O Maior da Aldeia e a mediocridade regional

Após ver este triste Belenenses - Paços de Ferreira resolvi pôr à discussão este tópico.

Existe um fenómeno em Portugal que só não se parece constatar no Minho e Trás-os-Montes.

São as guerrinhas rídículas d’O Maior da Aldeia.

O potencial desportivo do país é muito bom, mas aniquila-se a ele mesmo constantemente, em especial no Centro-Sul do país, talvez vestígios dos Lusitanos e do seu espírito tão resistente quanto ingovernável??

Comecemos por Portalegre. Num distrito de grande tradição futebolística, a AF deste distrito é a segunda mais antiga do país, logo a seguir a Lisboa.

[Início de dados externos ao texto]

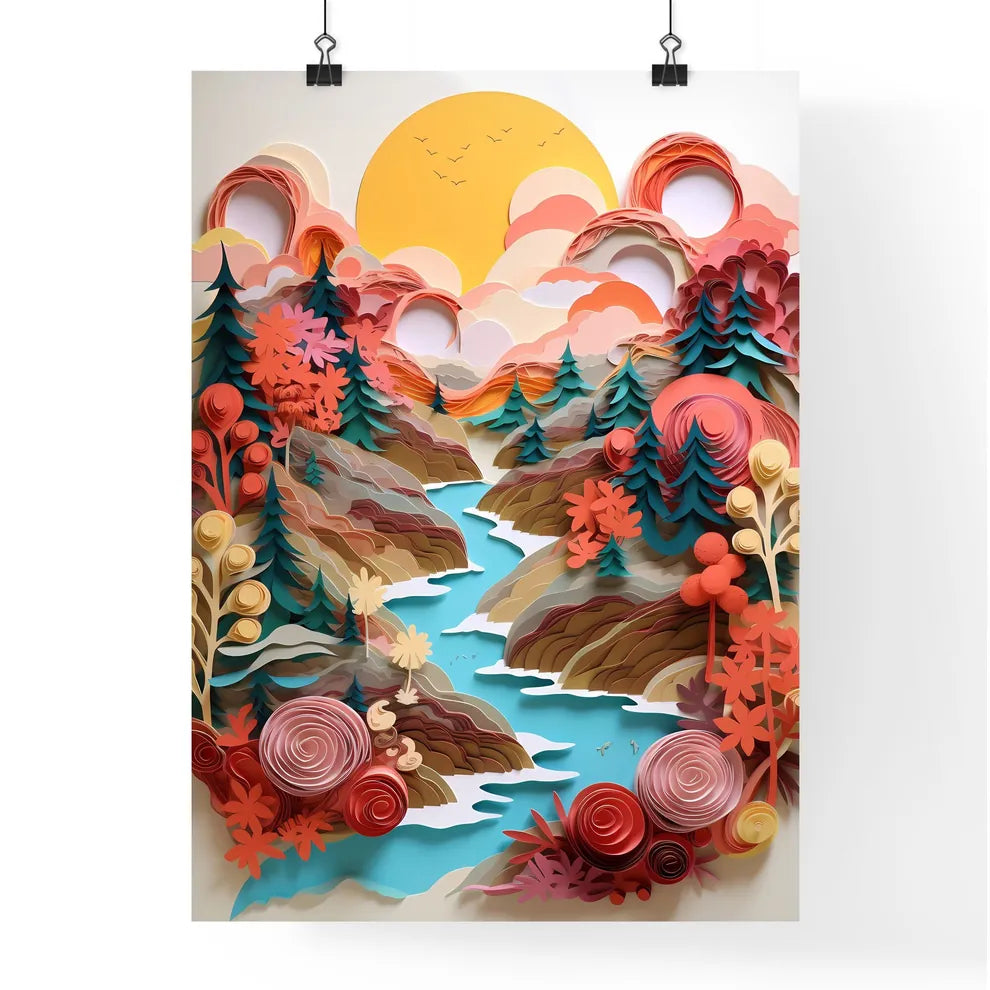 Paper Cut Out Of A Landscape  Poster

Na cidade de Portalegre formou-se inicialmente o Estrela de Portalegre em 1919, seguida pelo rival Portalegrense em 1925. Nos anos 70 e princípio de 80, Estrela e Portalegrense estiveram várias vezes perto da 1ª Divisão, tendo-se anulado mutuamente em especial na época de 1976-77, onde o Estrela fica a um empate da subida com Portalegrense logo atrás. Deste despique fratricida saiu beneficiado o Feirense e depois Espinho, Beira-Mar e União de Leiria, entre outros.

Em Évora temos o Lusitano que esteve 15 épocas no escalão máximo onde ainda alcançou um 5º lugar que hoje daria acesso a uma competição europeia, descendo em 1966 para não mais retornar. Desde aí deu-se um despique fratricida onde por várias vezes Lusitano e Juventude estiveram alternadamente perto da 1ª Divisão. Sendo que tal como em Portalegre, chegaram mesmo a estar virtualmente na 1ª Divisão durante alguns minutos.

Tanto em Portalegre como em Évora houve várias tentativas de fusão dos clubes. Em Portalegre, após falhadas as negociações, emerge o terceiro clube, o Portus Alacer, o que fragmentou ainda mais o futebol local, sendo que o destino final de todos eles foi o encerramento definitivo do futebol sénior e o desaparecimento do panorama desportivo de todas as equipas desta cidade.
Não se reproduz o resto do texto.